**Data below**.
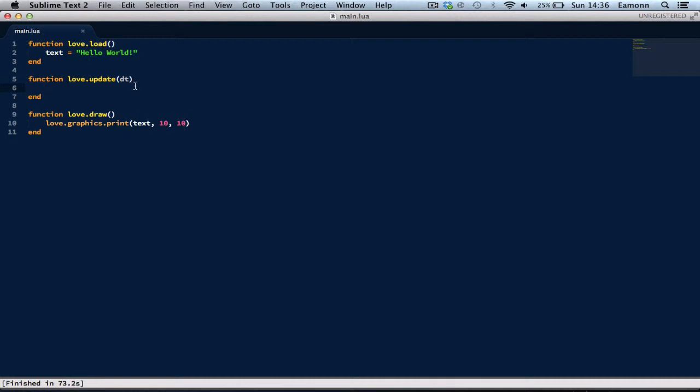But yeah, on with the tutorial. So just remember, any time you're doing some updates, you always have to multiply it by delta time. Because if you're running on a really slow computer, and you don't multiply anything by delta time, your player will move really slow.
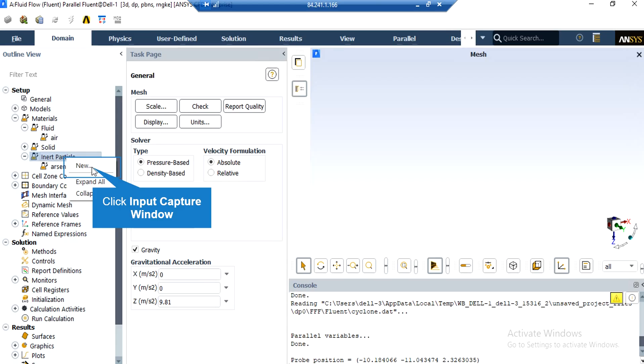In order to add a new material to the Fluent software, you just have to right-click on the material tab and then click on new. After clicking on new, a new window will appear.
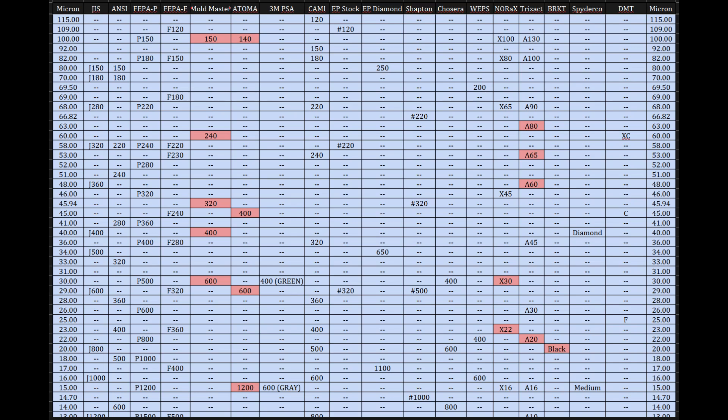Okay, let's unpack this. Welcome to the deep dive. Today we're taking a closer look at something you might think is pretty straightforward: abrasive grit. You know, the little particles on sandpaper, sharpening stones, polishing paste, the stuff that cuts or polishes surfaces. But when you really zoom in, especially looking at this chart you've shared with us, it gets surprisingly complex.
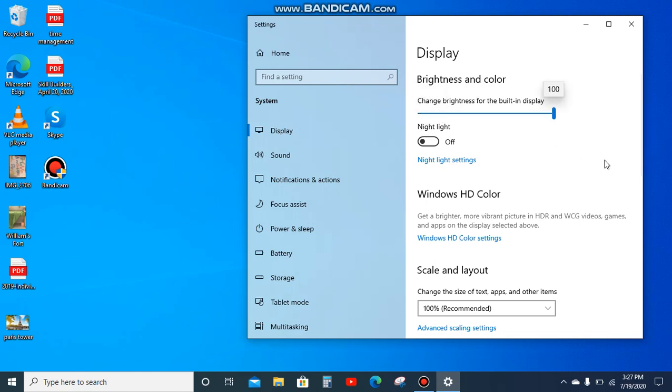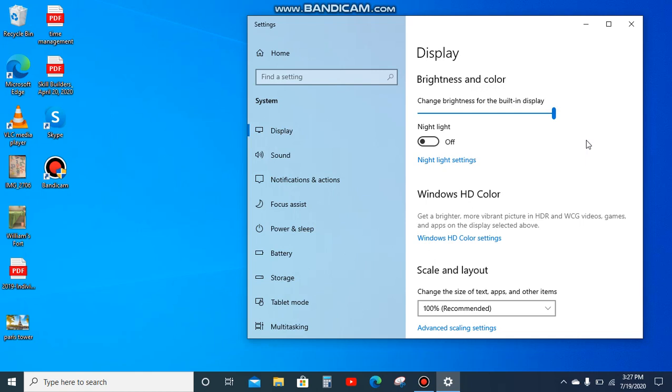up. So you can adjust it to mid 50s, 60s, or a hundred, just leave it at the brightest, whatever feels comfortable for you. So it's very easy to do, it's very accessible, you can easily do it.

**Directions**. Return an exact copy of the data above, apart from any pictures.

**Reply**.
But yeah, on with the tutorial. So just remember, any time you're doing some updates, you always have to multiply it by delta time. Because if you're running on a really slow computer, and you don't multiply anything by delta time, your player will move really slow.
In order to add a new material to the Fluent software, you just have to right-click on the material tab and then click on new. After clicking on new, a new window will appear.
Okay, let's unpack this. Welcome to the deep dive. Today we're taking a closer look at something you might think is pretty straightforward: abrasive grit. You know, the little particles on sandpaper, sharpening stones, polishing paste, the stuff that cuts or polishes surfaces. But when you really zoom in, especially looking at this chart you've shared with us, it gets surprisingly complex.
up. So you can adjust it to mid 50s, 60s, or a hundred, just leave it at the brightest, whatever feels comfortable for you. So it's very easy to do, it's very accessible, you can easily do it.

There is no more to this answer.